Wednesday, April 11, 2007

Final Stretch



Some say time flies, some couldn't agree with it. Well, for me, it's dependent on the situation and state you're in. It's been like, what, 7 months? 2 more months to go. Never mind the 2 months. It's the next 16 days that it all matters. The JCC (Jungle Confidence Course) will be the final stretch of my struggle.

Honestly, I don't know what is actually going on in terms of my back condition. Because I have been taking painkillers and muscle-relaxing pills to subdue the pain and also psychologically ease my mental stress. My mates have been telling me not to, and I personally am aware of the hazards if I were to grow too much of dependency on these drugs. But I know exactly what I am doing. I am doing whatever it takes to get myself through JCC, get the badge and stay on course, and to finally commission. And a doctor that I've seen gave me the green light to do this, so it is not that I'm doing this recklessly.

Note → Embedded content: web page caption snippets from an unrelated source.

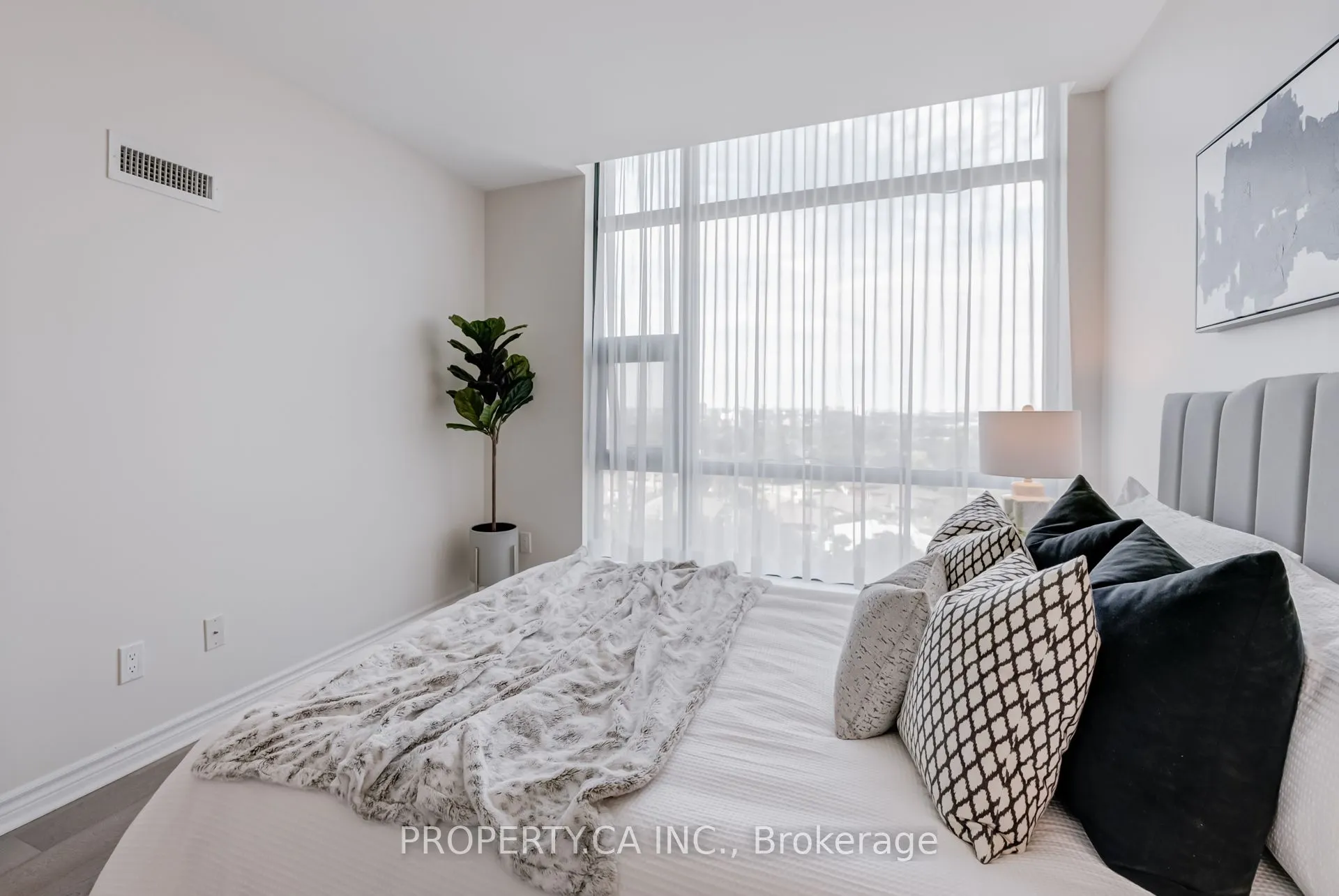 2522 Keele Street, #704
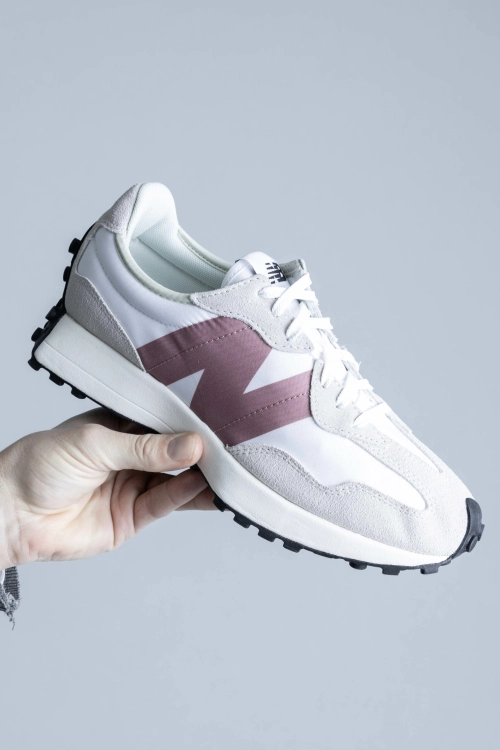 New Balance 327 Maroon (Women's)  WS327CD review 
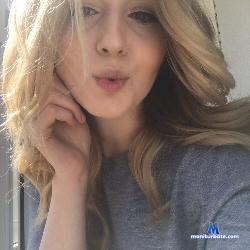 SmartassBlonde stripchat livecam performer profile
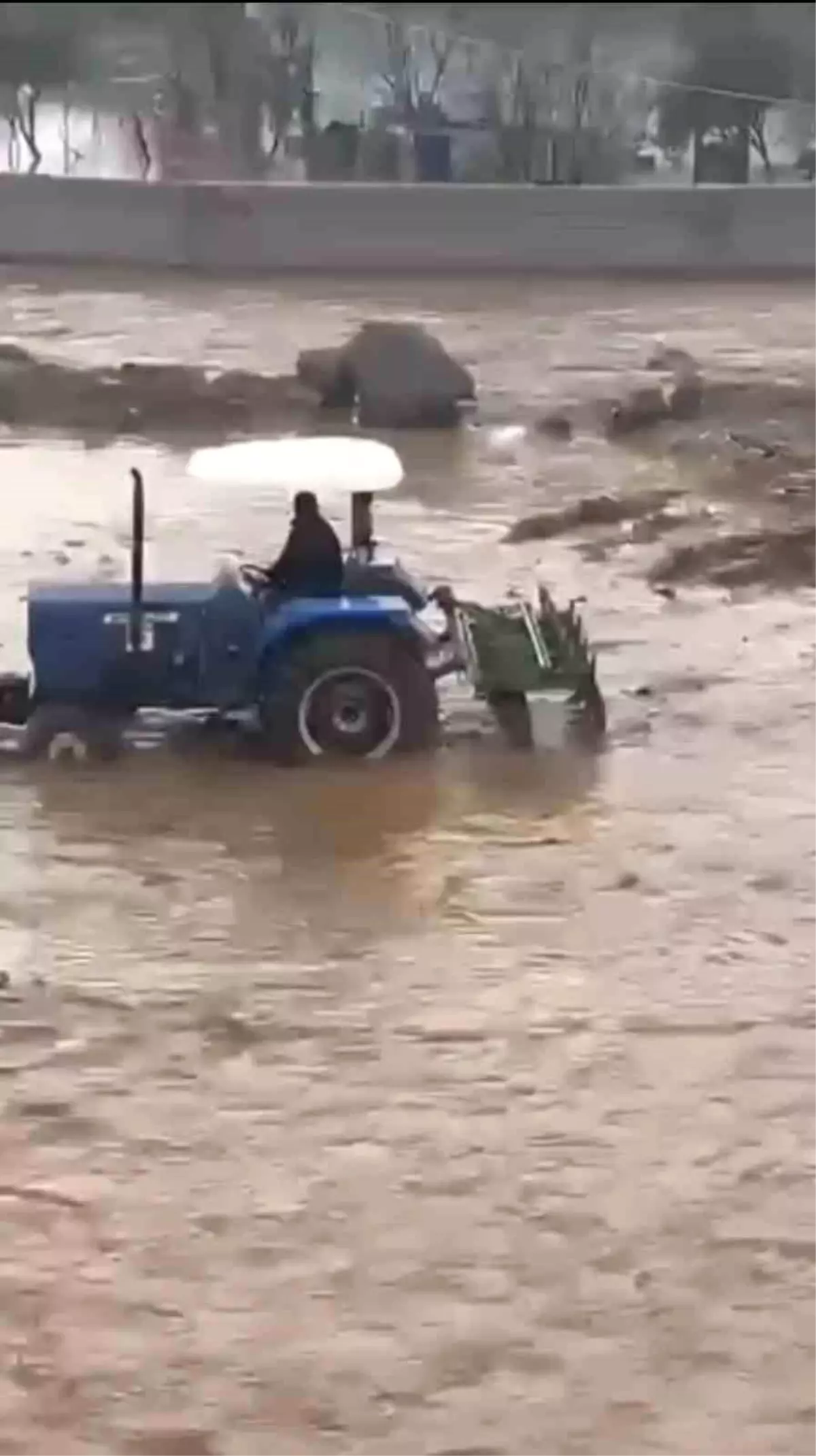 Nusaybin\'de Sağanak Yağış Hayatı Olumsuz Etkiledi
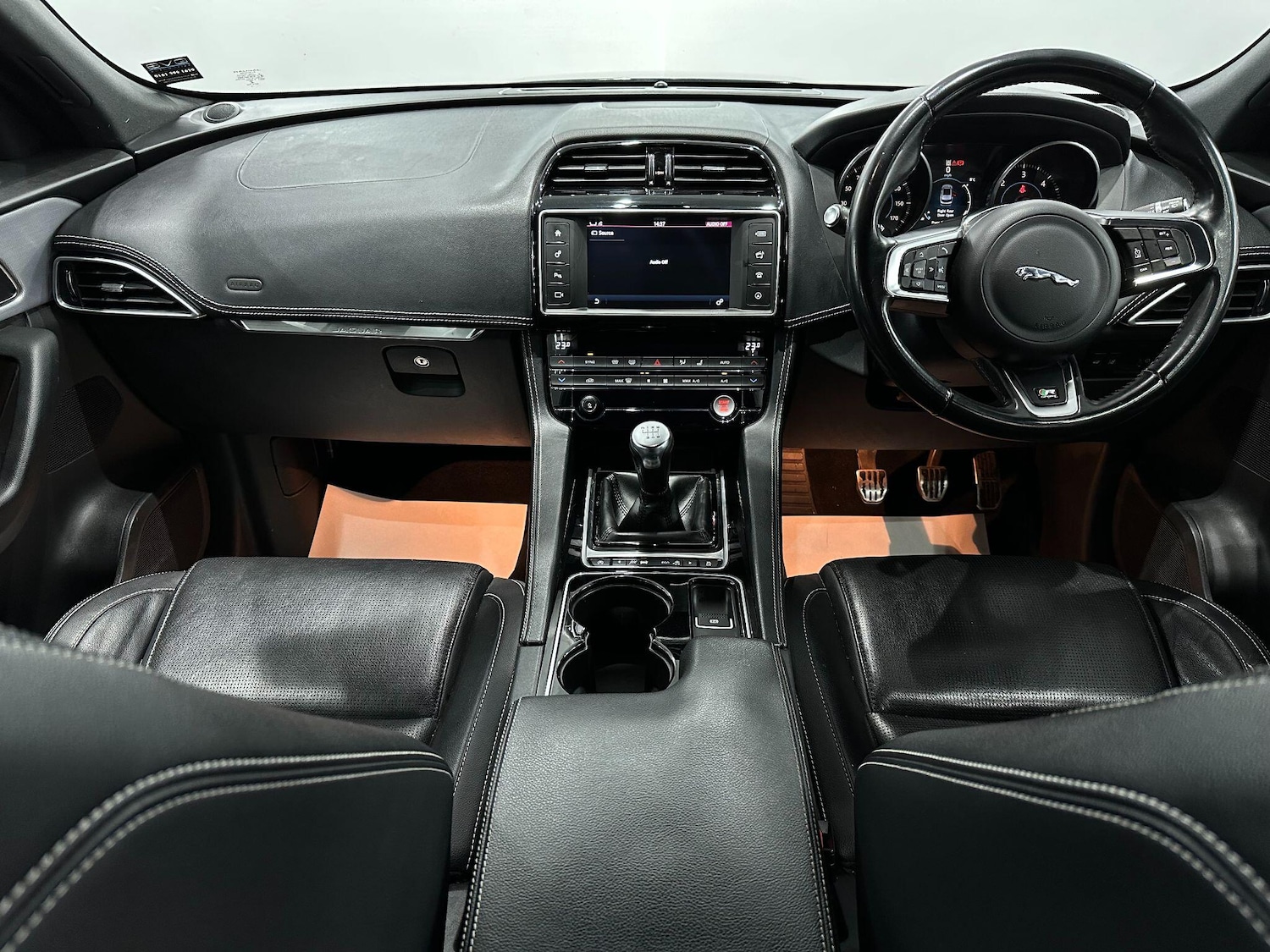 Used Jaguar F-Pace 2016 for sale - 76772033: Photo 32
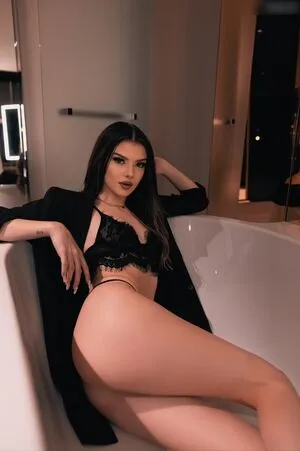 Melina Celine OnlyFans Leaked Free Thumbnail Picture - #3I8ZbyY87v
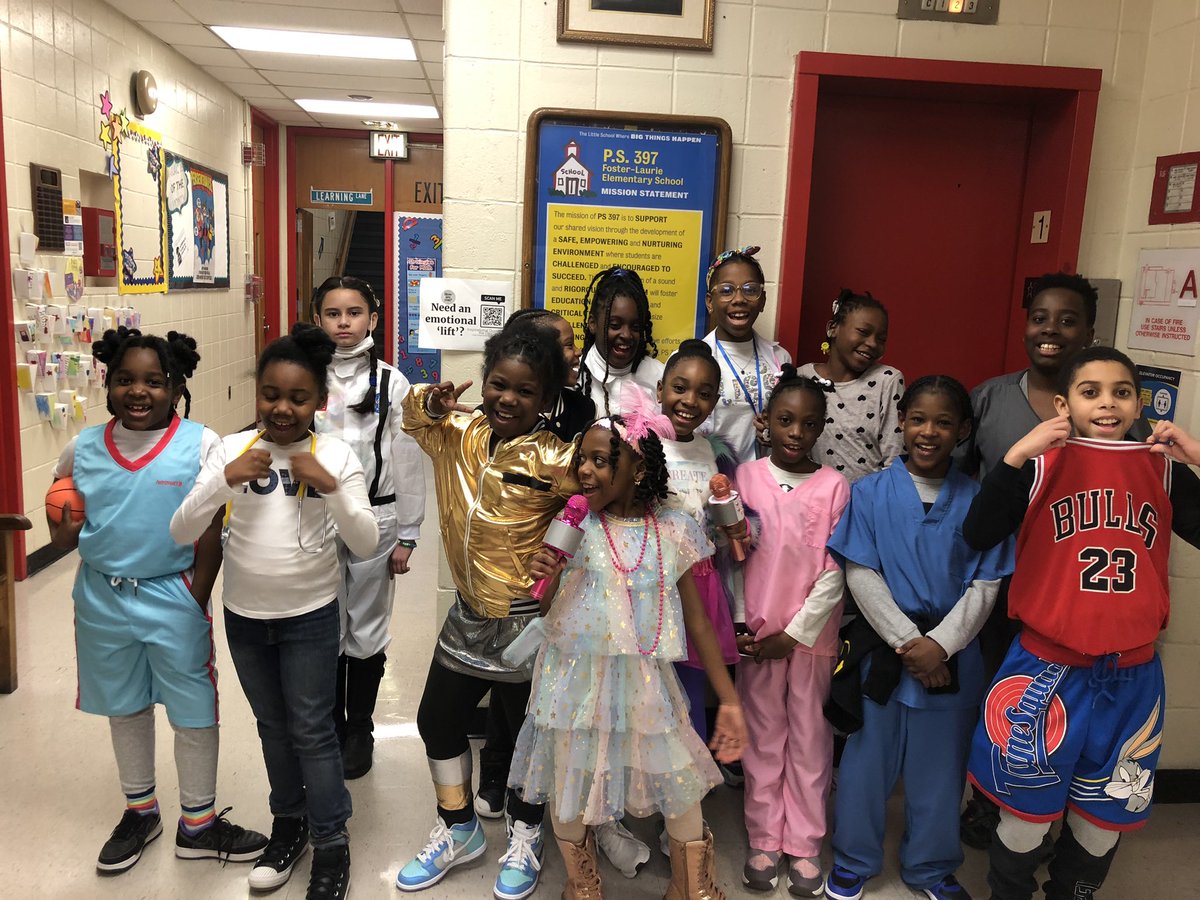 Thank you KidsThatCode Inc. representatives, Brooklyn Public Library and the NYC Court System for speaking at this year’s PS 397 Career Day! Our students learned by doing, including performing in a Mock Trial! Thank you staff, parents and students who embraced the day!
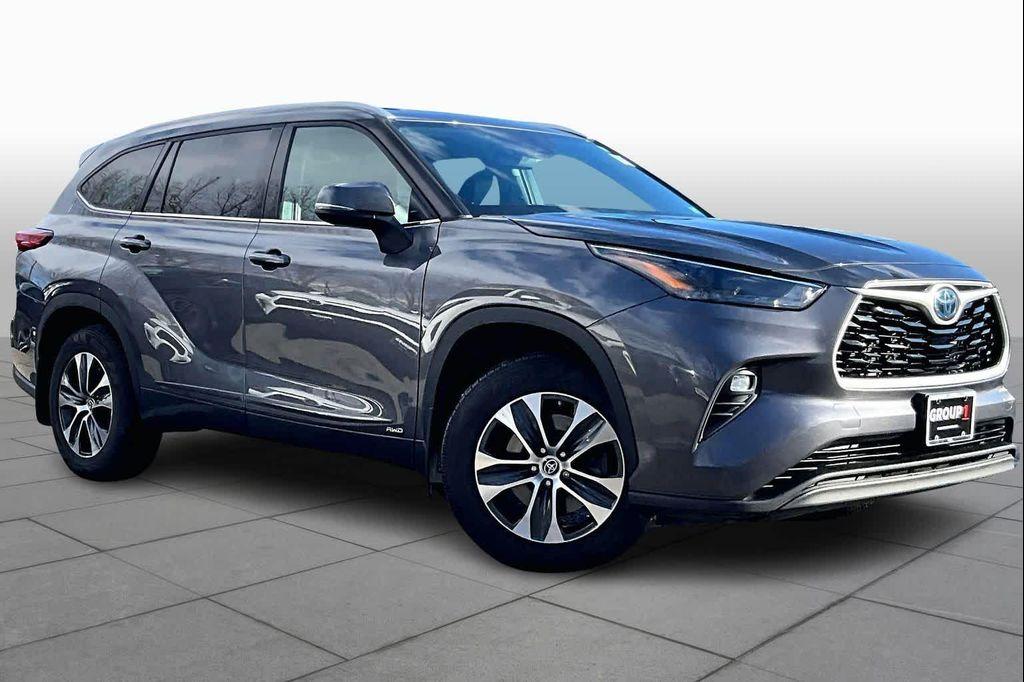 used 2022 Toyota Highlander Hybrid car, priced at $31,492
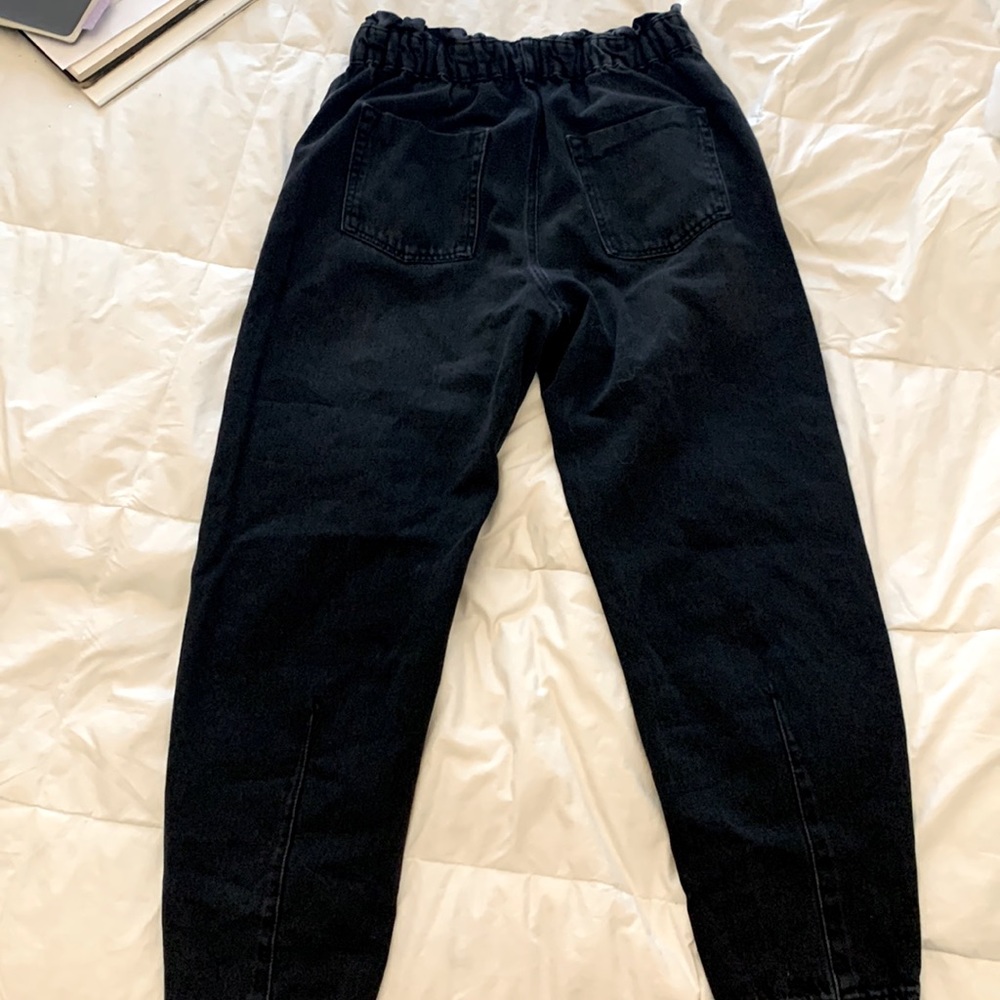 Relaxed Zara jeans with ruffled top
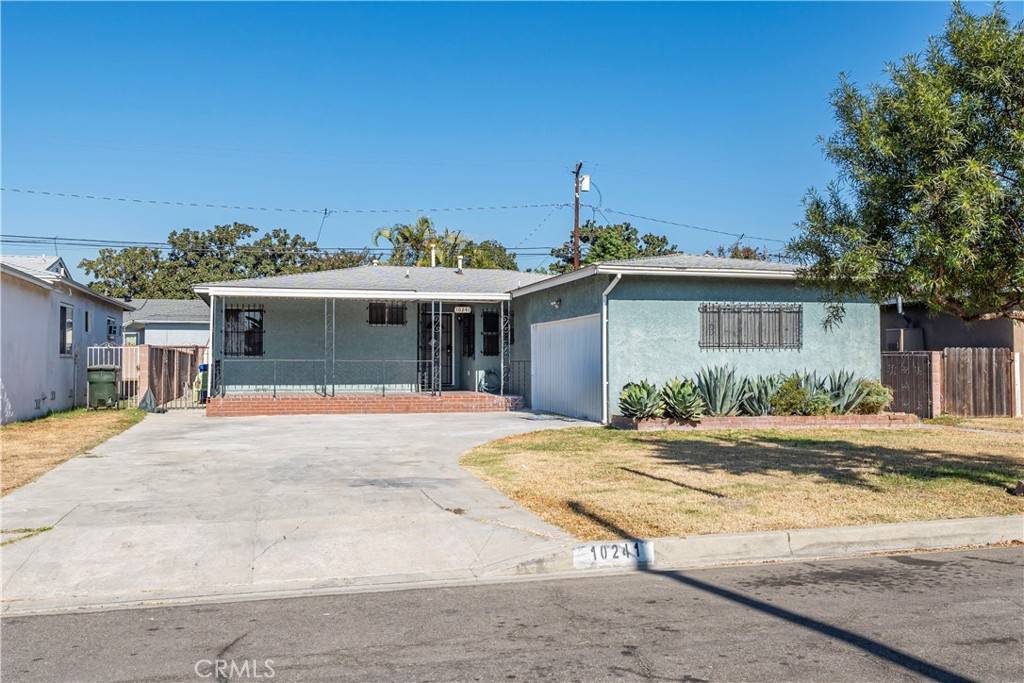 Downey, CA 90242,10241 Belcher ST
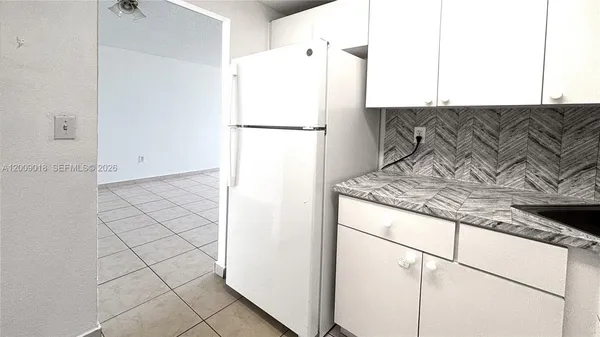 $1,950 | 666 West 81st Street, Unit 304, Hialeah, FL 33014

Patience and perseverance were the key that brought me this far. Just a about a month ago, I was in such a bad condition that it jeopardised my OCS journey. With CSB (Combat Skill Badge) and SEOC (SAFTI Endurance Obstacle Course) lurking near, I was feeling completely helpless. I couldn't train to get myself in condition for these 2 giant hurdles (for an injured personnel like me). I could recall at some point of time, I almost lost patience. It was mind-torturing. Timing myself perfectly when to take the limited supplies of painkillers and muscle-relaxing pills, and also the amount of time required for them to take into great effect, were crucial moments. This injury had somehow taught me how to juggle with what I have despite the tight constraints, and make correct crucial decisions and judgements that would have a mammoth effect on my body.

JCC has been the main reason why I wanted to stay in Infantry and that now it has arrived, I'm raring to go, and I will be giving everything I have to make sure I pull through it. I will not be able to bring painkillers or any sort of medication or drugs for JCC, and I am not sure how my back is going to handle itself. I dug deep within my heart searching for something that I badly need for this final phase, and I found it. It is 'courage'. All I believe is that pain is something that a powerful mind can overcome, and I'm going to do just that.